Each episode features Sunny in a new location, where she identifies, harvests, and cooks local plants and fungi. Of course, Mother Nature has her own opinions about what makes good footage: Sunny has had close encounters with ‘gators, plenty of “spring showers with the spring greens,” and uncooperative campfires that made cooking her catch on film nearly impossible.
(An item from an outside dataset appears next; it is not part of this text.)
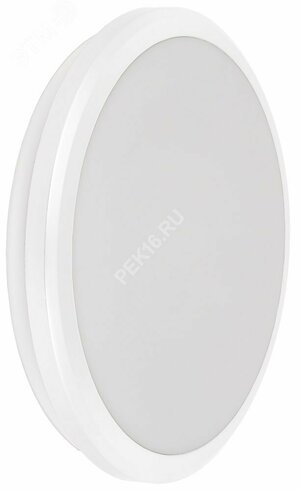 Светильник светодиодный ДПБ 3001 12Вт IP54 4000K круг белый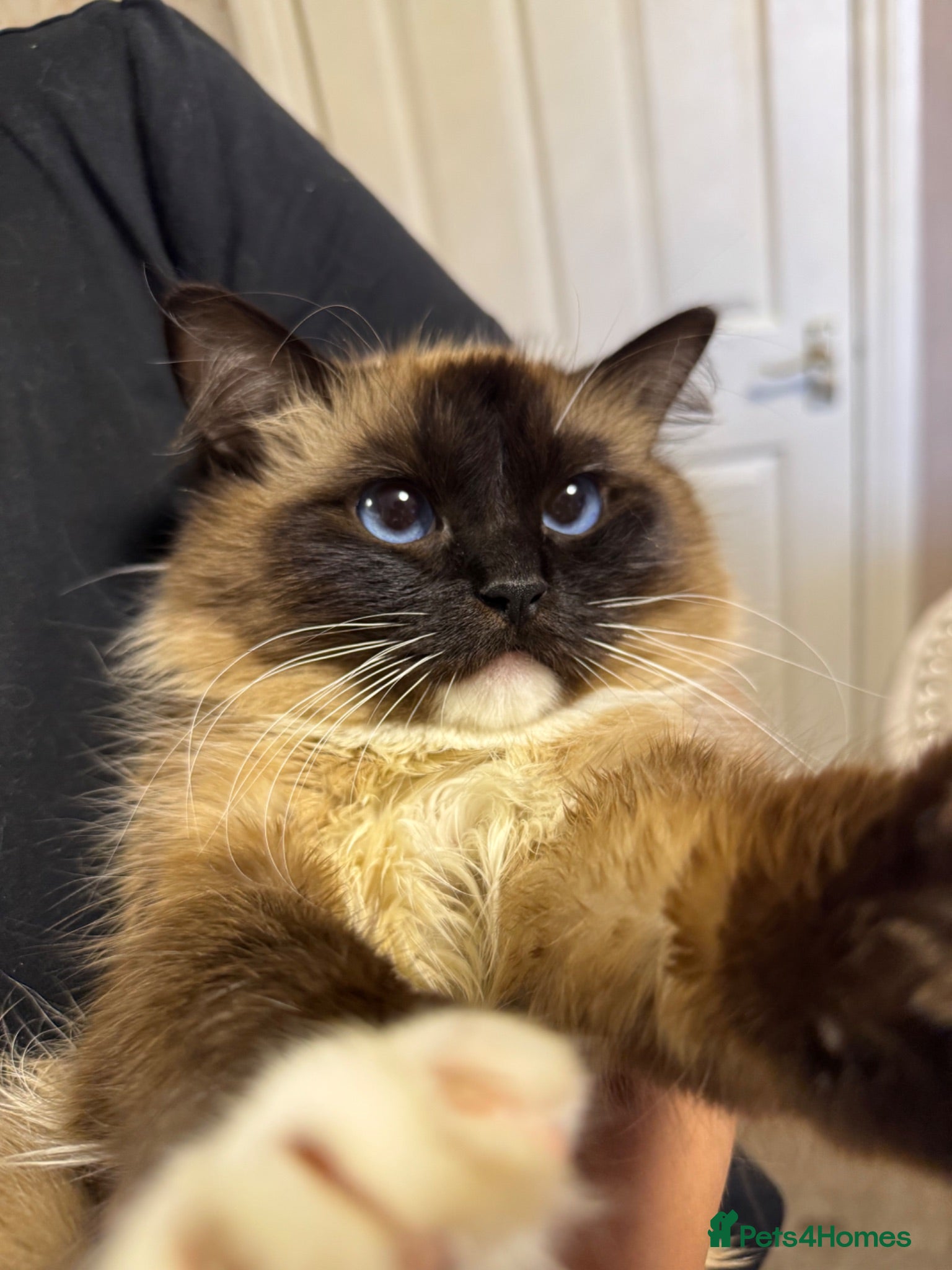Ragdoll cats Sweet 1-Year-Old Female Ragdoll Cat – Kimmy - Advert 2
One of Sunny’s great assets, though, is her optimism (one might even call it her sunny disposition). “It’s been such a treat to connect with folks from around the nation,” she says. “I’m getting to meet all sorts of wild food folks, along with others, who are connected deeply with the earth.” And in this time of rancorous politics and public debate, Sunny still sees the potential of the U.S. being a leader in raising consciousness about health, nutrition, and local food. Says Sunny: “I’m learning to love America again. I am deeply patriotic, which is why I feel so disappointed with our politics and international persona at times. I know we can be better. We still have a lot to be proud of…and we still have a hell of a lot of abundance. There are wild foods everywhere just waiting for us to recognize and use them.”

Amen to that!

Hot on the Trail with Sunny Savage will debut later this year, with weekly half-hour episodes on Veria, a channel dedicated to living naturally, airing on DISH 9575. We’ll announce the official premier when the date is firm.